(Dataset items)
[Start of section]
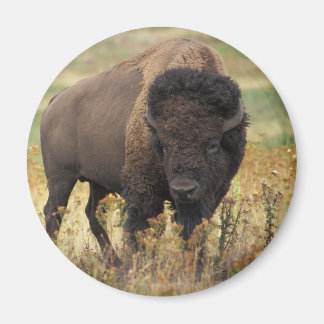 Bison Magnet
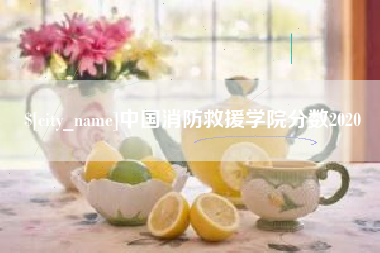 铜仁中国消防救援学院分数2020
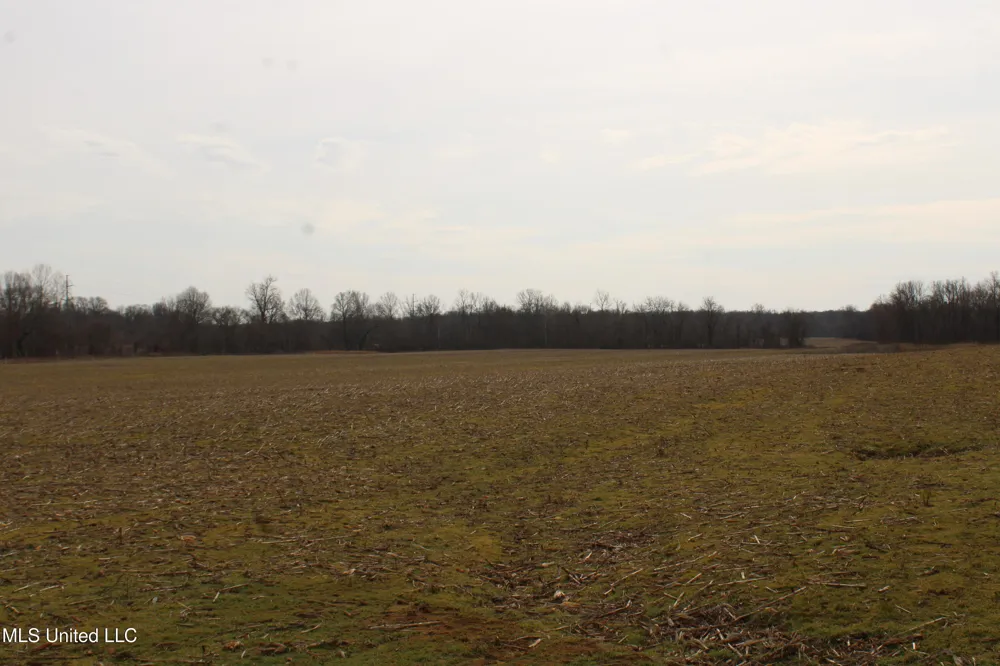 6000 Austin Road Lake Cormorant, MS 38641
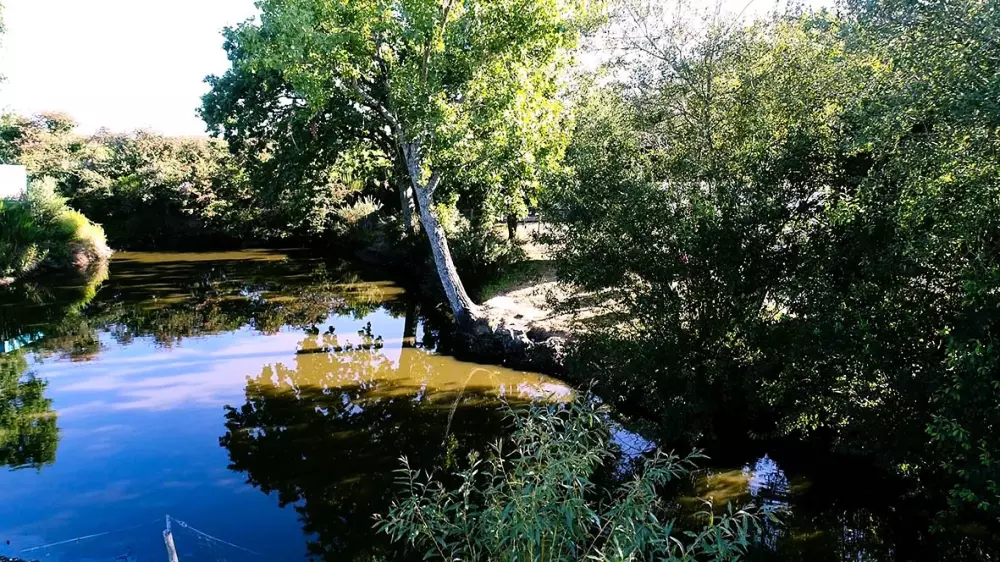 Camping Les P'tites Maisons dans la Prairie 3 Stars★★★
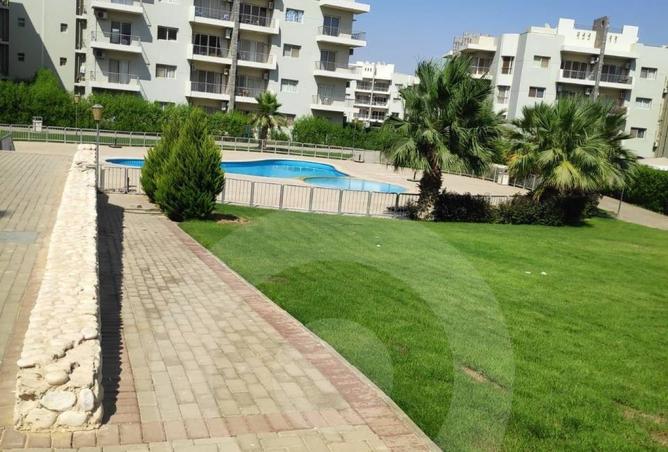 105728874 - Property Image 3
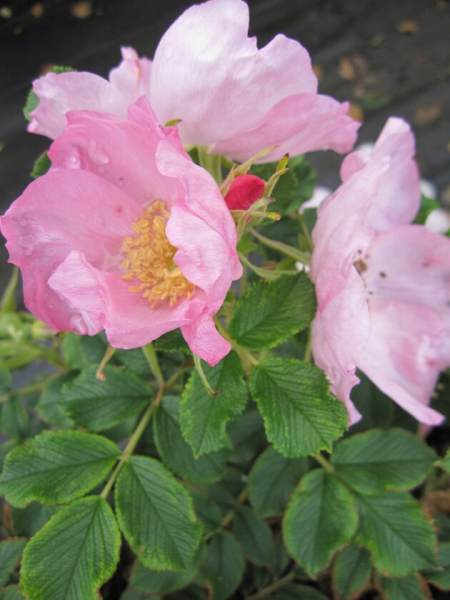 Bodendeckerrose Dagmar Halstrup® - Rosa rugosa Dagmar Halstrup® - hellrosa - Duft+ - Apfelrose - Wildrose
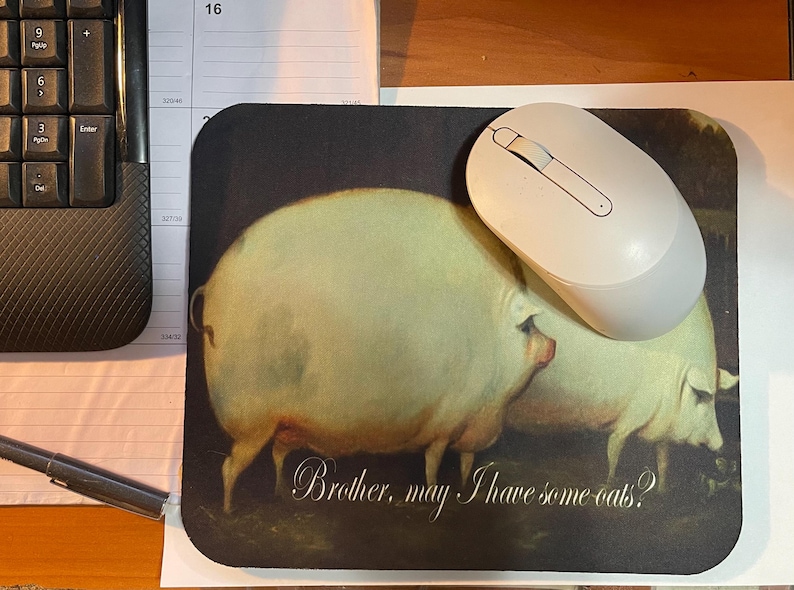 Broeder, wil je wat haver? Mem - Gaming Accessories To Have recensie en prijs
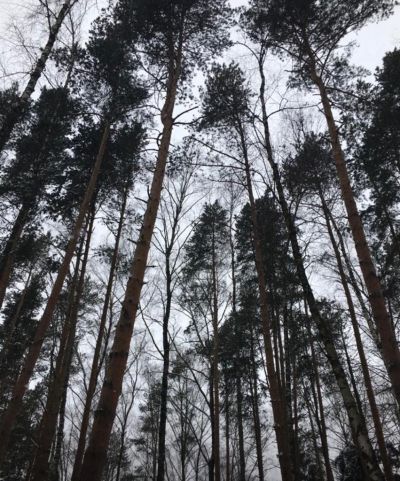 photo 63bde1e51b8e7_thumb.jpg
[End of section]
- **Exercise description**
Print the lines from the beginning of the records up to and including the line containing "Bodendeckerrose Dagmar Halstrup®", word for word, with no pictures.

- **Solution to the exercise**
 Bison Magnet
 铜仁中国消防救援学院分数2020
 6000 Austin Road Lake Cormorant, MS 38641
 Camping Les P'tites Maisons dans la Prairie 3 Stars★★★
 105728874 - Property Image 3
 Bodendeckerrose Dagmar Halstrup® - Rosa rugosa Dagmar Halstrup® - hellrosa - Duft+ - Apfelrose - Wildrose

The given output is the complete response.